O estudo acima, publicado no Journal of Urology da Associação de Urologia Americana (AUA) incluiu 175.201 homens com diagnóstico de hiperplasia benigna da próstata e tratados com as duas classes mais comumente utilizadas: os inibidores da 5-alfa redutase (finasterida e dutasterida) e os alfa-bloqueadores (doxazosina, alfazosina, tansulosina)..


Este é um estudo de base populacional, portanto serve para apontar uma hipótese e não é uma evidência definitiva. O estudo investigou os efeitos da terapia medicamentosa para hiperplasia benigna da próstata (BPH) sobre o risco de insuficiência cardíaca em homens com mais de 65 anos.

Os autores encontraram um aumento no risco em todos os grupos, com o risco mais alto com o uso prolongado de alfa-bloqueadores, seguido pela terapia combinada e, em seguida, inibidores da 5-a redutase (5-ARIs) isolados.
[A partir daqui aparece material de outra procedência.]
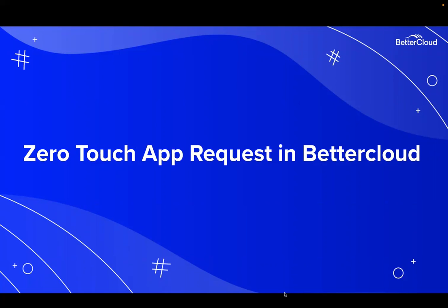So today, we are going to take a quick look at how we integrate with ITSMs like JIRA to create a zero-touch approach to resolving app requests using BetterCloud.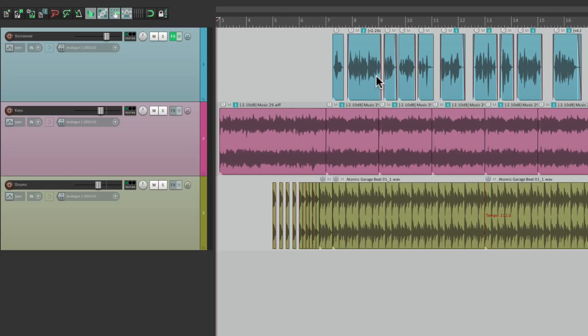Now, in general, we're going to use ducking for voiceover or narration, where it lowers the music when the voice comes in. It tends to be used in commercials, in podcasts, or on radio. But let's take a look at how to set this up.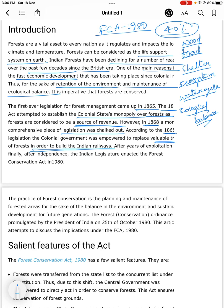Valuable trees of the forest were used in order to build the Indian railways. After years of exploitation, finally, after independence, the Indian legislature enacted the Forest Conservation Act in 1980.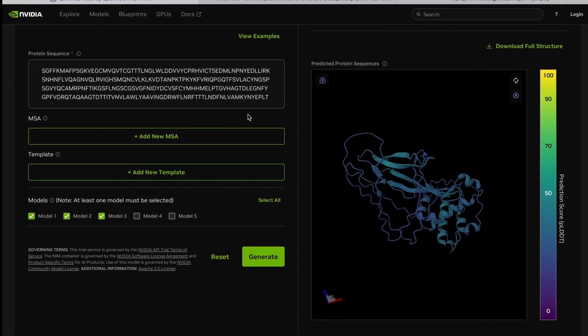That is about the demonstration for today. If you liked the video, hit the like button and share it with your peers. This is Pradipta Banerjee from Biotechnica — see you in the next one, bye bye, take care.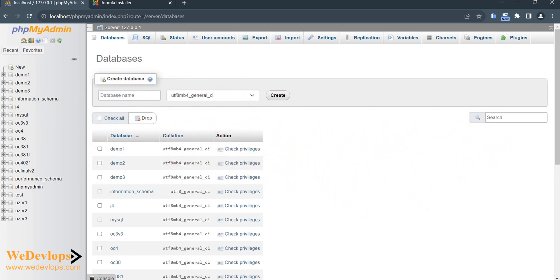Hello everyone, welcome once again to our video tutorial. In this video tutorial, we will show you and guide you how to install Joomla 5 to XAMPP. First of all, you can see in my screen right now I am in my phpMyAdmin.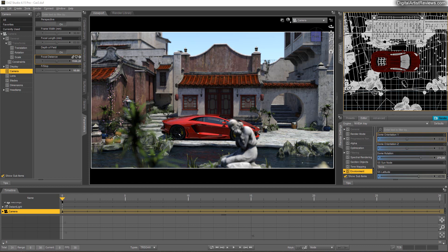Hey guys, what's up? This is Val. Welcome back. In this video I'm going to show you how to create a motion blur effect inside Daz Studio.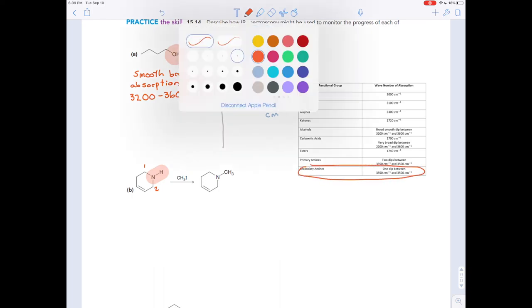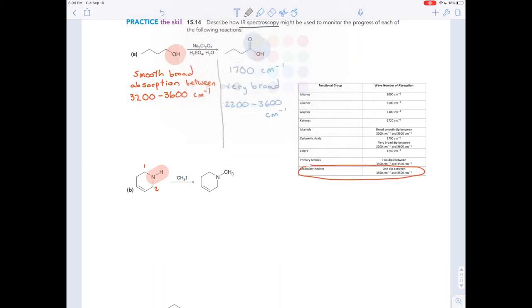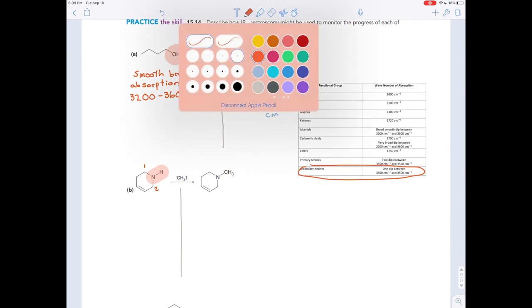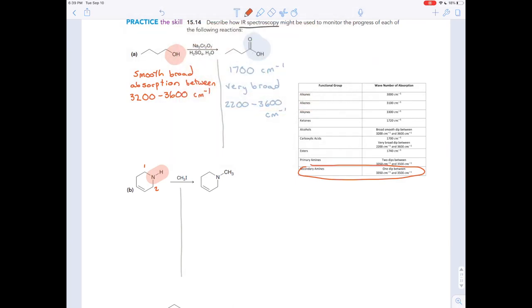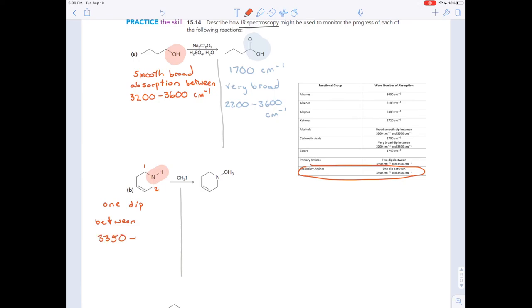So, what you'd expect on the left: you'd expect to have one dip between 3,350 and 3,500 wavenumbers.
Os autores do estudo controlaram fatores como a idade e história fatores de risco para doença cardíaca, pois poderiam trazer confusão aos seus resultados. Concluiram que os alfa-bloqueadores e a terapia combinada foi mais associada a um maior risco de insuficiência cardíaca em comparação com os 5-ARIs isolados.

Notavelmente, os alfa-bloqueadores não seletivos (como por exemplo: o alfa-bloqueador mais vendido no BRASIL, a doxazosina) foram associados a um risco maior de insuficiência cardíaca em comparação com seus homólogos seletivos.
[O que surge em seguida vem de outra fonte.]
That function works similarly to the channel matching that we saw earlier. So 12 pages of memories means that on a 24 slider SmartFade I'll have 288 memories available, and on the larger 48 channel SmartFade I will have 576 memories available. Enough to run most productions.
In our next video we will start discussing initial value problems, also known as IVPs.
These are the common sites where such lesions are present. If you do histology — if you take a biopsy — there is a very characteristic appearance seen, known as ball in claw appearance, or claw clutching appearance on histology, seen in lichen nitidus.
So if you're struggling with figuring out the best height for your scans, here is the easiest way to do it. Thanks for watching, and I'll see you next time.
Finalmente, houve um aumento no risco de insuficiência cardíaca com uma exposição mais longa ao fármaco a bloqueadores a-bloqueadores não seletivos e seletivos.



Comentários do expert: Prof Flávio

Desde os anos 90, medicamentos, tais como: doxazosina, finasterida, tansulosina e dutasterida tem sido a primeira-linha de tratamento para os sintomas do trato urinário e HIPERPLASIA PROSTÁTICA.

Desde 2017, a prescrição de medicamentos para bexiga também tem sido menor e pacientes com bexiga hiperativa, e o uso de anticolinérgicos de longo prazo (medicamentos para tratar sintomas de bexiga) tem sido associados a uma maior incidência de demência.

Recentemente, a urologia mundial tem publicado que pacientes submetidos aos novos tratamentos invasivos, apresentam melhores resultados a longo-prazo do que os pacientes que tratamos com medicamentos.


No nosso Centro Especializado da Próstata, diariamente, reavaliamos e oferecemos tratamentos minimamente “invasivos” para nossos pacientes com sintomas do trato urinário inferior. Considerando que, inicialmente, oferecer um tratamento dito mais agressivo para BPH pode, de fato, ser a alternativa mais eficaz e prudente para muitos de nossos pacientes ao invés de permanecer em uso destes medicamentos por tantos anos.

Uma das terapias com resultados semelhantes em 5 anos a antiga RTU (raspagem da próstata) e o implante do #uroLIFT procedimento ambulatorial, sem internação e com alívio e satisfação mais rápida pois não envolve remoção de tecido (não necessitando de hospitalização, sangramentos e processo de cicatrização). No mundo são mais de 260.000 pacientes tratados com este procedimento, verdadeiramente, minimamente invasivo.